• [Data records]
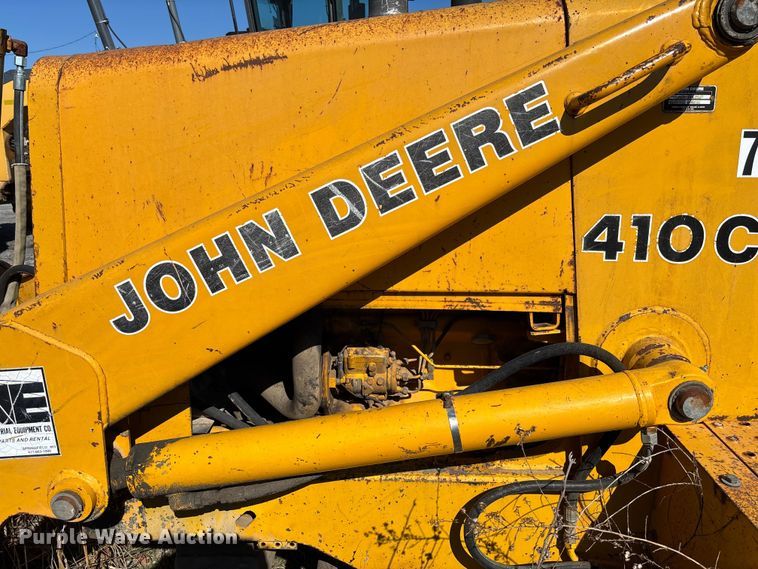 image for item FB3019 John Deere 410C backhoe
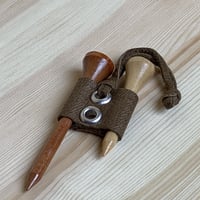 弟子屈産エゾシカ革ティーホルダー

...

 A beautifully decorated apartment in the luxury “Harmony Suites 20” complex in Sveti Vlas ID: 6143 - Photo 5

--

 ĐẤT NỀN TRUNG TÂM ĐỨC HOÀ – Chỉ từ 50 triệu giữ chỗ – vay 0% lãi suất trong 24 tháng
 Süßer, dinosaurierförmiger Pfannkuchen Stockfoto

• [How to complete this task] Now transcribe the lines above exactly, starting at the line containing "image for item" and ending at the line containing "弟子屈産エゾシカ革ティーホルダー", both lines included, pictures excluded.

• [Solution to the exercise]
 image for item FB3019 John Deere 410C backhoe
 弟子屈産エゾシカ革ティーホルダー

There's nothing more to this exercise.